Kommentar: Taschenrechner-Politik
■ Bremens Große Koalition ersetzt Argumente durch Kostenberechnungen
Eigentlich braucht das Land Bremen gar keine Vertretung mehr in Bonn. Wenn im Bundesrat künftig nach der politischen Meinung des kleinsten Bundeslandes gefragt wird, dann reicht auch ein kleiner Taschenrechner aus, um Antwort zu geben.
Nach der gestrigen Senatsdebatte zum Asylbewerber-Leistungsgesetz ist nämlich ein für alle mal geklärt, wie die Große Koalition sich im Zweifel verhalten will.

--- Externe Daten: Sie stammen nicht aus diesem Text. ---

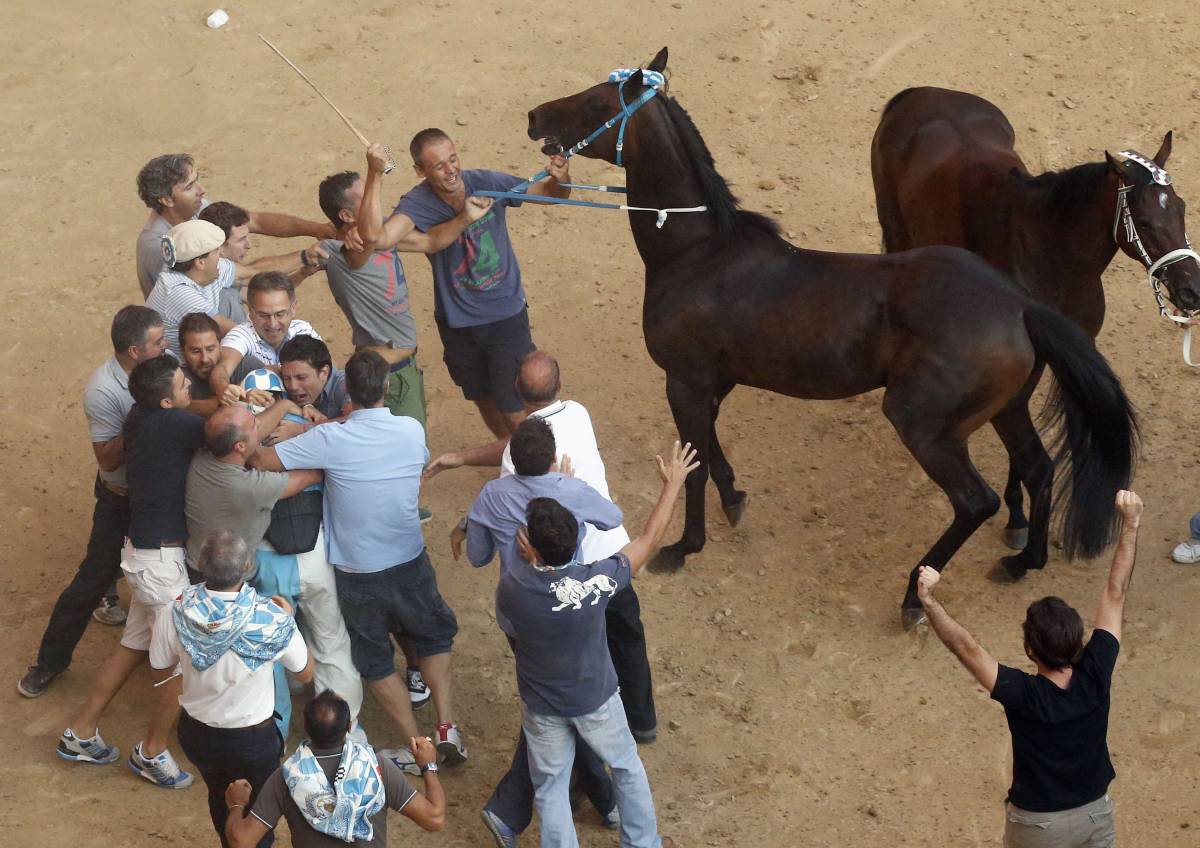 La protesta corre sul web: "no" al massacro di cavalli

Führt eine Entscheidung zu höheren Kosten in Bremen, wird sie abgelehnt, entlastet sie die Bremer Finanzen, ist die Zustimmung sicher. So einfach kann Politik sein, wenn sich die politische Meinung ausschließlich pekuniär begründet.
Diese neue Bremer Denkweise ist nicht nur dumm, sie ist auch gefährlich. Denn sie kann sich jederzeit gegen das kleinste Bundesland selber richten. Wenn Bremen den Taschenrechner zum Maßstab seiner Politik macht, dann könnte die Politik auch mal den Taschenrechner zum Maßstab Bremens machen. Und käme schnell zu dem Ergebnis, daß es für den deutschen Föderalismus deutlich billiger wäre, auf die Stimme des kleinen Zwei-Städte-Staates an der Weser in Zukunft zu verzichten. Und vermissen müßte man trotzdem nichts. Denn die Bremer Meinung ließe sich ja einfach ausrechnen.